■ EXERCISE DIRECTIONS ■
Return the records word for word. Pictures do not belong in the copy.

Records drawn from a dataset
=-=-=-=-=

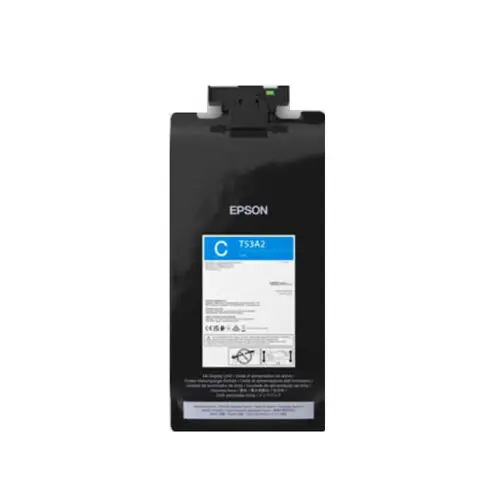 Epson C13T53A200 (SC-T7700DL) Ultrachrome XD3 1600ml Cyan Ink Cartridge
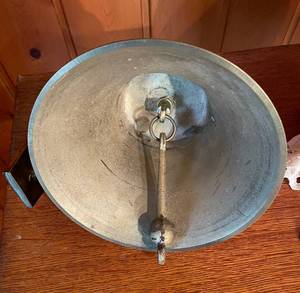 lot 71 image: Antique Wall Mount Bell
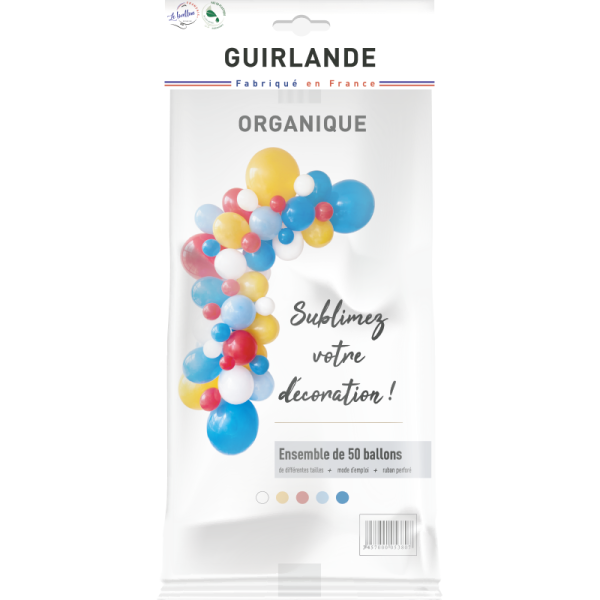 Guirlande organique clown – Image 2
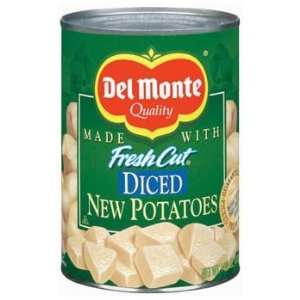 Del Monte Diced New Potatoes 14.5 oz  Grocery & Gourmet 
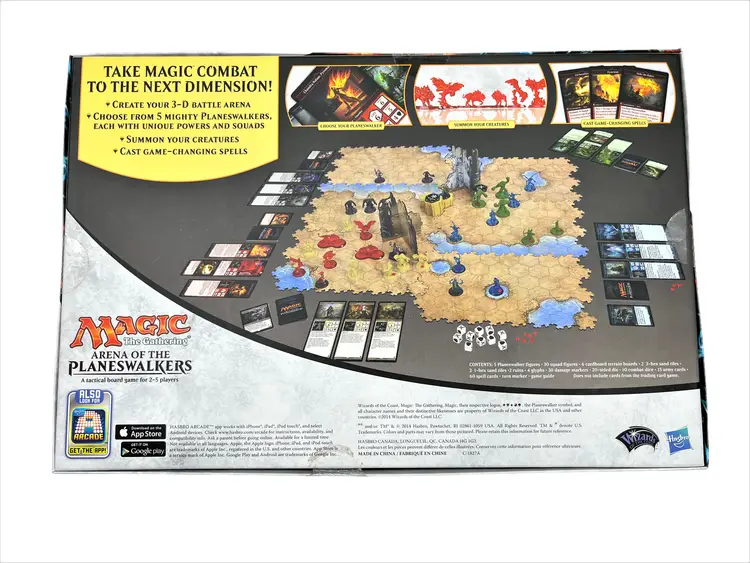 Magic The Gathering Arena of The Planeswalkers Hasbro Tactical Board Game NEW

=-=-=-=-=

■ ANSWER SECTION ■
 Epson C13T53A200 (SC-T7700DL) Ultrachrome XD3 1600ml Cyan Ink Cartridge
 lot 71 image: Antique Wall Mount Bell
 Guirlande organique clown – Image 2
 Del Monte Diced New Potatoes 14.5 oz  Grocery & Gourmet 
 Magic The Gathering Arena of The Planeswalkers Hasbro Tactical Board Game NEW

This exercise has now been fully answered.